→ Prompt
State, as a number alone, how many lines of the data contain the string "Hotel".

*** Dataset extract

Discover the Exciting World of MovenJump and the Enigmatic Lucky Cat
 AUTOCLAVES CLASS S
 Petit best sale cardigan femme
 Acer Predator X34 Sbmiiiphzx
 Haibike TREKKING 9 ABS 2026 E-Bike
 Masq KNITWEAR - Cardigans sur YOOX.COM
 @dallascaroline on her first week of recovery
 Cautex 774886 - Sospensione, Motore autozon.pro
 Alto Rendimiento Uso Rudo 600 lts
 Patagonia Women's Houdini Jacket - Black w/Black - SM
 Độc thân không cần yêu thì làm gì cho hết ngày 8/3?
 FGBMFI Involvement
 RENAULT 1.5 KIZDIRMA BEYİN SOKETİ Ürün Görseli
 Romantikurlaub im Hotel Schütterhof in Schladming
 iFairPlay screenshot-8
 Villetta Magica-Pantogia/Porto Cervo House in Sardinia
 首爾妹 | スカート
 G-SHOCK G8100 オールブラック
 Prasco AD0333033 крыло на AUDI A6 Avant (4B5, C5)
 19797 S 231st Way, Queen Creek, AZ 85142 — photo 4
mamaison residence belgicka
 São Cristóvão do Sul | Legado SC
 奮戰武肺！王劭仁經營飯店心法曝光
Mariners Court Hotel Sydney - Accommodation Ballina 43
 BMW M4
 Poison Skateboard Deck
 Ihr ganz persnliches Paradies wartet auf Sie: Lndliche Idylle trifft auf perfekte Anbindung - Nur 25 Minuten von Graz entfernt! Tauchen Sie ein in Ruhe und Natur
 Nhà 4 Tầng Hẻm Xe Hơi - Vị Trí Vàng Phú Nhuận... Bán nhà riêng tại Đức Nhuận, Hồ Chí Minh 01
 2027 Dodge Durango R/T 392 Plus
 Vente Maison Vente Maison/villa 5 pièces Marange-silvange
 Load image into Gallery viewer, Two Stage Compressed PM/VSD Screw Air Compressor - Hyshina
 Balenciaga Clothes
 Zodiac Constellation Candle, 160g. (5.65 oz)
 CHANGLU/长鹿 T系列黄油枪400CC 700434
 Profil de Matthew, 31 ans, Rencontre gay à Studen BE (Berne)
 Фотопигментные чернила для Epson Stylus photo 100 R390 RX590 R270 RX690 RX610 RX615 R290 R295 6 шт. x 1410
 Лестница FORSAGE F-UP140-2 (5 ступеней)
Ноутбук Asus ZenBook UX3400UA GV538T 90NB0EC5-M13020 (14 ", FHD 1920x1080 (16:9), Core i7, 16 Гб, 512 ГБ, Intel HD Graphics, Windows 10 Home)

******

→ Written answer
2